→ Work request
Copy out the listing in full, exactly as written, but not its pictures.

→ Collected data
BEGIN
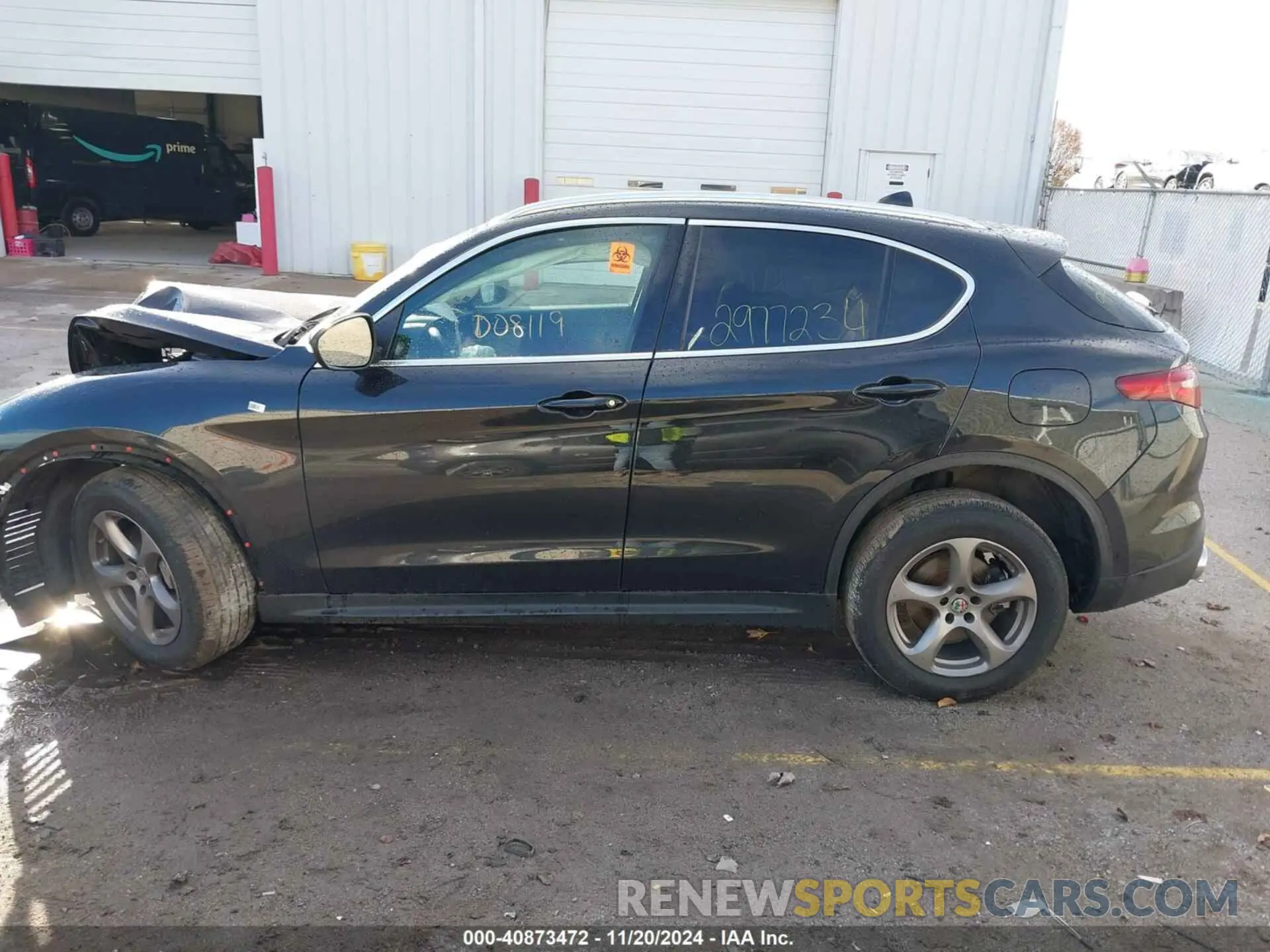 14 fotografías del automóvil dañado ZASPAKANXM7D08119 ALFA ROMEO STELVIO 2021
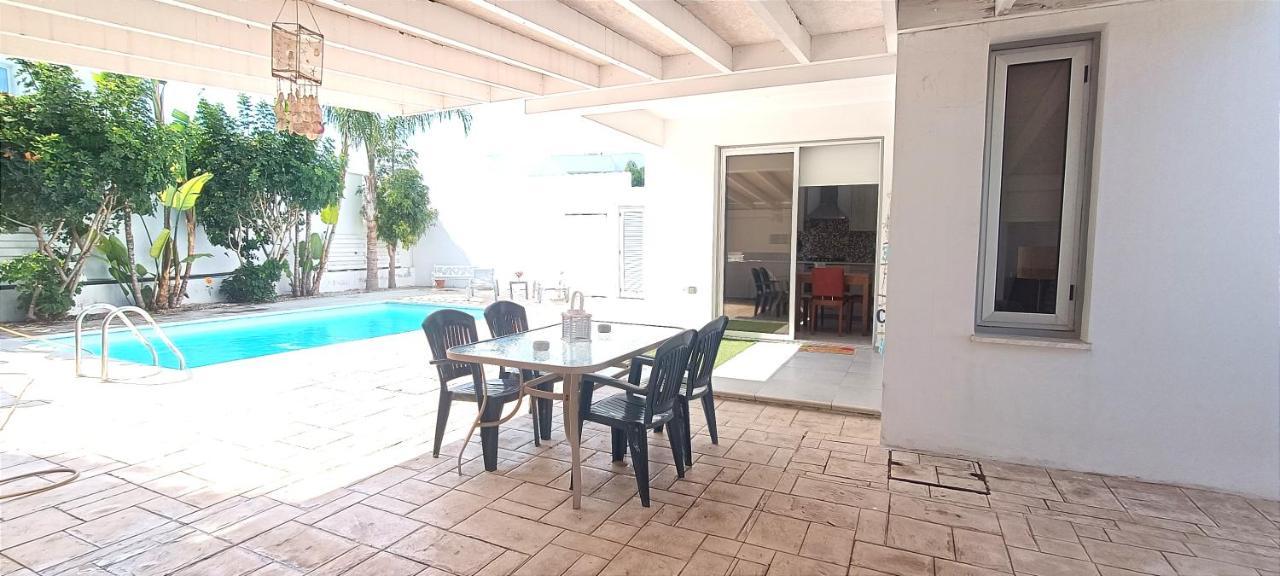 Colonial Villa 32 Perivolia Bagian luar foto
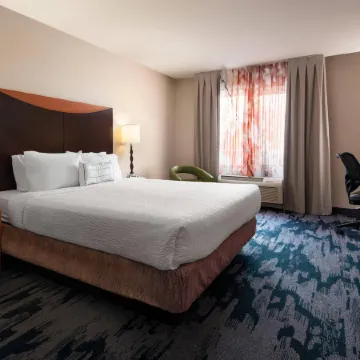 Fairfield Inn & Suites Redding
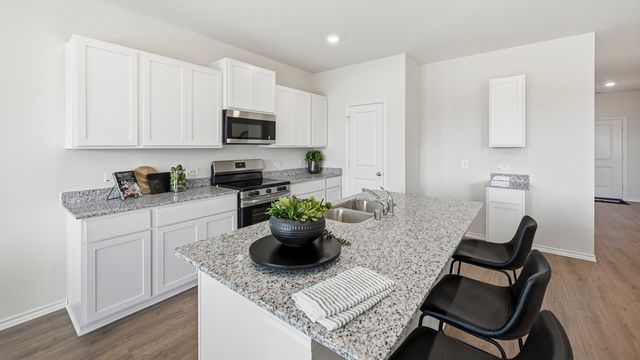 208 Whispering Pine Drive, Royse City, TX 75189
END
→ Written response
 14 fotografías del automóvil dañado ZASPAKANXM7D08119 ALFA ROMEO STELVIO 2021
 Colonial Villa 32 Perivolia Bagian luar foto
 Fairfield Inn & Suites Redding
 208 Whispering Pine Drive, Royse City, TX 75189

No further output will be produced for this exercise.